Colonel Sir Gilbert Gerard (died January 1646) was a Royalist officer during the English Civil War. He served as Governor of Worcester, fighting a campaign against the Parliamentarian Tinker Fox, and died there in 1646 with the conflict still ongoing. (Note: Some sources spell his name Sir Gilbert Gerrard) (Note: The Worcestershire historian J.W. Willis-Bund (1843–1928) noted that "Sir Gilbert Gerrard is one of those men of whom it is most difficult to give an accurate account.
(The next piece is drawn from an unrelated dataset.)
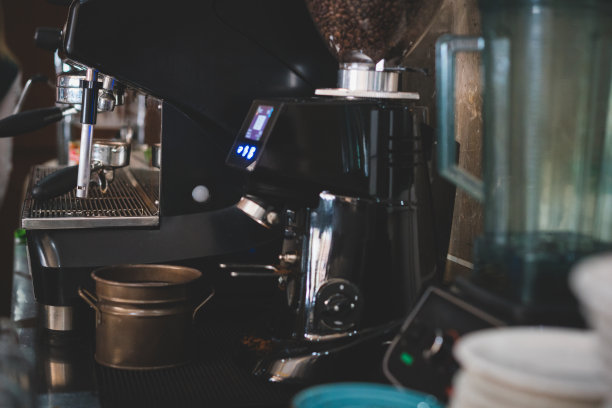 咖啡店里的浓缩咖啡机图片下载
As there were no less than seven Colonel Gerrards in the Royalist army, and at least three had the name of Gilbert, it is very hard to avoid confusion".)

==Early life==
Gilbert and Ratcliffe were twin sons of Ratcliffe Gerard, (Note: Ratcliffe Gerard the elder, was the younger son of Gilbert Gerard (died 1593) and Ann, daughter of Thomas Ratcliffe of Winmarleigh and of Isabel Boteler.) and Elizabeth, daughter and heir of Sir Charles Somerset. (Note: Sir Charles Somerset K.B. fifth son, of Henry, Earl of Worcester.)

==1642: The first campaign and Edgehill ==
Gerard was the colonel of a Royalist regiment of foot (his twin brother, Ratcliffe, was his lieutenant-colonel) that was already in the field before the first major pitched battle took place. Gerard's Regiment joined two other Lancashire Royalist regiments under the command of Sir Charles Gerard's (his nephew) and Lord Molyneux in besieged Manchester, but they failed to take the city before they left for the general rendezvous with the Royalist army which was assembling in Shropshire before advancing towards London. The advancing Royalist army fought the Parliamentary army at Edgehill (23 October 1642) in an indecisive engagement. Gerard's regiment fought in the front line along with Molyneux and a Welsh regiment of Sir Thomas Salusbury, and although indecisive the battle for those in the front line came to a push of pikes.

After the advance on London and the Battle of Brentford, Gerard marched with his regiment and that of Molyneux to Brill to take up his appointment of Governor of Brill and to oversee its fortification and to defend the place against incursions by Parliamentary forces. It was one of several satellite locations chosen to protect Oxford and the King's court, and so Gerard oversaw the building of earthworks to turn the area near the Church into a fort. While Molyneux was absent Gerard with the aid of a regiment of horse (cavalry) commanded by Colonel Charles Gerard, beat off a strong attack by Colonel Arthur Goodwin on 27 January 1643.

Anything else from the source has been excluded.